The pushback I’ve received goes something like this:

If every Councilmember requested a fifteen minute meeting every month that adds up to three hours of Staff time every month!

To which I reply, and…? You have a point you wish to make? 😀 This goes along with the notion that whenever the Administration provides information it is doing Council a favor. It pretty much lays it out there: We think that indulging the Council with 2-3 hours of our time every month would be a waste of valuable Staff time.

Rule #5: No Councilmember Information Requests

This has gotsta go. We should have a Councilmember Request system. Other cities around us have them. So any Councilmember can access a database of questions and answers from Staff which have taken place over years of research. This encourages Staff to provide detailed answers (since they will likely only have to answer that question once). And it is an invaluable resource for new Councilmembers to get up to speed on any issue. It also creates another way for Councilmembers to get a feel for one another. As you know, the Open Public Meetings Act (OPMA) severely restricts the amount of contact we can have with one another outside of meetings. But if you can see the questions that your peers are asking, you get a better sense of what they care about.

Rule #6: Majority rules

And finally, I can imagine some world where the Administration says something like:

OK, we know that Councilmembers send an average of two email questions per meeting. Therefore the rule is: Councilmembers may ask two questions per meeting from now on.

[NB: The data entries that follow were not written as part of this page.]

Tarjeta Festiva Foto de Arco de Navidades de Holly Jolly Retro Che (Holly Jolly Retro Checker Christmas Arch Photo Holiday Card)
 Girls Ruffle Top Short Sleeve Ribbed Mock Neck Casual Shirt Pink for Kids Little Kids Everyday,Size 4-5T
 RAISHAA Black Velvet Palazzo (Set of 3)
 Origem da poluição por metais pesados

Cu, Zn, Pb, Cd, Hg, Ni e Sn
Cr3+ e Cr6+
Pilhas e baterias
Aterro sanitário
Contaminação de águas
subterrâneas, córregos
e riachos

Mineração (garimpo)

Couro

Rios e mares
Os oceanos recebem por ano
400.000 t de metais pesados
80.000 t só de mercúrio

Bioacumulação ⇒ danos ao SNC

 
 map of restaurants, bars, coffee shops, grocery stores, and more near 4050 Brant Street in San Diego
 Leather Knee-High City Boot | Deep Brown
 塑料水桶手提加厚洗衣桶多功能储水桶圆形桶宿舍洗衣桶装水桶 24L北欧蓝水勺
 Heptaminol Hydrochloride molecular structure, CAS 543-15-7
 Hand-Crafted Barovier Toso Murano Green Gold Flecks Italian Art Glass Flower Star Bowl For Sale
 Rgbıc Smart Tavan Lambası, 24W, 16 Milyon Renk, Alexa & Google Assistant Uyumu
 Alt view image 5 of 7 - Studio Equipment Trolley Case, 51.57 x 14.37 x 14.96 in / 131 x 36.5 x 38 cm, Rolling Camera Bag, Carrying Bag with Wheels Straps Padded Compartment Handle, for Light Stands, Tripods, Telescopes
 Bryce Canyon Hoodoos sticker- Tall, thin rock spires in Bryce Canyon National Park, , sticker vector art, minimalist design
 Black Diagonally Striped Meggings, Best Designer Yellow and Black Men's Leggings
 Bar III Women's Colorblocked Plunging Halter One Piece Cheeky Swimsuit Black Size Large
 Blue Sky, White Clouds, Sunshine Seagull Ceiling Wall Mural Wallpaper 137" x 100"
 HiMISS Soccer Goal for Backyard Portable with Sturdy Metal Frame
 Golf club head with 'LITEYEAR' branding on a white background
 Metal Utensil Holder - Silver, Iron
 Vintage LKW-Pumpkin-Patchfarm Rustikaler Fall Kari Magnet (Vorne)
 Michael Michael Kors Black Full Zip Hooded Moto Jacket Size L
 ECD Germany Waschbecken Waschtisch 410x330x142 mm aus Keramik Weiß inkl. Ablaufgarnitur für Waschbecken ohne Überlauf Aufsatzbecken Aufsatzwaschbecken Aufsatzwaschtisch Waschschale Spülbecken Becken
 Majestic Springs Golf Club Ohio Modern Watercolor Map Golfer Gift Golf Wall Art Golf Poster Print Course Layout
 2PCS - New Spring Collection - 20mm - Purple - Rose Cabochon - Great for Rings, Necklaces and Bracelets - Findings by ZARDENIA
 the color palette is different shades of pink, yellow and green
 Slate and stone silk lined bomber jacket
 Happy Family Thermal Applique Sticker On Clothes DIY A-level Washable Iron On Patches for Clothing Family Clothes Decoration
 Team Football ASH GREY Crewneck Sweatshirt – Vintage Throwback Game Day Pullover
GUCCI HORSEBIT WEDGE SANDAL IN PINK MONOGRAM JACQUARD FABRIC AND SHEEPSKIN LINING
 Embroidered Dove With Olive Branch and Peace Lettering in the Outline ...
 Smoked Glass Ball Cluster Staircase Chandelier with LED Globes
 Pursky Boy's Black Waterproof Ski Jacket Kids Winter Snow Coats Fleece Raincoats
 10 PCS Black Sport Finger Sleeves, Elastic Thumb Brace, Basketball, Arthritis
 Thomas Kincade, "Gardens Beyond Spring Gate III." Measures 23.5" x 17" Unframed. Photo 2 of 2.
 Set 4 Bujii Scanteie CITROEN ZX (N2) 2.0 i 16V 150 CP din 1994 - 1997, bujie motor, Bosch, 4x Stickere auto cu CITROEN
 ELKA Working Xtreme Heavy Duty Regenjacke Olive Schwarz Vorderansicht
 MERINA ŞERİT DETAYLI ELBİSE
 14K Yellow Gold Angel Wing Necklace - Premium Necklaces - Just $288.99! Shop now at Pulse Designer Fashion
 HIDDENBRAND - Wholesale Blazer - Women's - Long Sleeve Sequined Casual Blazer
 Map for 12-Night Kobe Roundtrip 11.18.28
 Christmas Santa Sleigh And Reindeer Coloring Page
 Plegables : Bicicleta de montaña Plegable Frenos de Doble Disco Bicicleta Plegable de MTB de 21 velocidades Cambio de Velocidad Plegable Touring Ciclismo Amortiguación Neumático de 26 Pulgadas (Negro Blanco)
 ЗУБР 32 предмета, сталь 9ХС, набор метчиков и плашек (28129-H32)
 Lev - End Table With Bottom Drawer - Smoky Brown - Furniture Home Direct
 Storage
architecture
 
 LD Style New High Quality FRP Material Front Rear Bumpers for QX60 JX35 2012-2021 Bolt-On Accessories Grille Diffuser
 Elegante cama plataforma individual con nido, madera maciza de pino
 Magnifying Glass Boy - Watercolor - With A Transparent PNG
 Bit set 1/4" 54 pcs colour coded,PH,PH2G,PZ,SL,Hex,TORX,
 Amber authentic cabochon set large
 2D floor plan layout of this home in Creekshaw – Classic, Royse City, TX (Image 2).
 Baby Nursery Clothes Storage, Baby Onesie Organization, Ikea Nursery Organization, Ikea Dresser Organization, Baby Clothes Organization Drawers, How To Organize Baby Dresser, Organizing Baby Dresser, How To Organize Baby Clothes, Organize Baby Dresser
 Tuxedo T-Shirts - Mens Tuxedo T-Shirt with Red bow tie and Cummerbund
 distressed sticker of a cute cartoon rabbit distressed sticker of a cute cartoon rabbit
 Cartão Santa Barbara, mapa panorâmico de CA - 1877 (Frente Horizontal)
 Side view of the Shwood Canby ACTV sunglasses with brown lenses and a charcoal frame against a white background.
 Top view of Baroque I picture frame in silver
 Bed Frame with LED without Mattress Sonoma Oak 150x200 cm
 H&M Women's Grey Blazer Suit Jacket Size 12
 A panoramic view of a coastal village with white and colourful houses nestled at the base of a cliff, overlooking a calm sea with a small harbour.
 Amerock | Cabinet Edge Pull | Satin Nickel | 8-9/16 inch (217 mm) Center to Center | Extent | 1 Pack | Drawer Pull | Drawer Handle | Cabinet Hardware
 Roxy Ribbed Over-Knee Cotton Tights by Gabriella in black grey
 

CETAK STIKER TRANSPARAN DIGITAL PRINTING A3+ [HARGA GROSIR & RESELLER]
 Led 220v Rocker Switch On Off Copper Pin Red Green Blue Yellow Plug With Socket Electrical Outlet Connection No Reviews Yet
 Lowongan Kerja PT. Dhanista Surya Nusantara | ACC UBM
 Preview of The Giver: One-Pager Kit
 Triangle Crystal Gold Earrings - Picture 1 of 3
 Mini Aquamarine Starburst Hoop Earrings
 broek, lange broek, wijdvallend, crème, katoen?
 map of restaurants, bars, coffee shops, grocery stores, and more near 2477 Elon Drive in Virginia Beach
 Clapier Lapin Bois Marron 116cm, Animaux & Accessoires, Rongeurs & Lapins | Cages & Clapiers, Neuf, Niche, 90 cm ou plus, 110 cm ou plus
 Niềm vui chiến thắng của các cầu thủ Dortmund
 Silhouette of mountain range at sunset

That’s ridiculous. Maybe the other Councilmembers were super busy. Or already knew the material from previous briefings. Or… and I’m just spitballing here so go with me… maybe one of them just wasn’t all that engaged on the issue? Why should the rest of the Council be hamstrung by that below-average level of engagement?


State law creates a strict division between the duties of the City Manager and the City Council. However, the law also creates a slew of unintended consequences whereby the City Manager can control access to the information that Councilmembers need to effectively legislate and provide oversight.

Our current government has just about the strictest limits in the State on Councilmember access to information, including Staff.

This state of affairs has several downsides:

  • It makes it very difficult for new Councilmembers to get up to speed. And this leads to a Seniority System whereby one is pressured to go along with the
  • It makes it difficult for Councilmembers to do the research necessary to formulate new legislation. And in fact, almost all legislation is currently not created by Council, but rather initiated by the Administration.
  • It makes it extremely difficult for Councilmembers to provide a necessary layer of oversight.

And as I’ve said before (and will say again) this is intentional; the current majority is not being hood-winked. They believe that this system is in the best interest of Des Moines. I thoroughly disagree and will continue to fight for the above reforms, not only because I find the current system undemocratic, but because I believe that a better-informed Council makes for much better governance.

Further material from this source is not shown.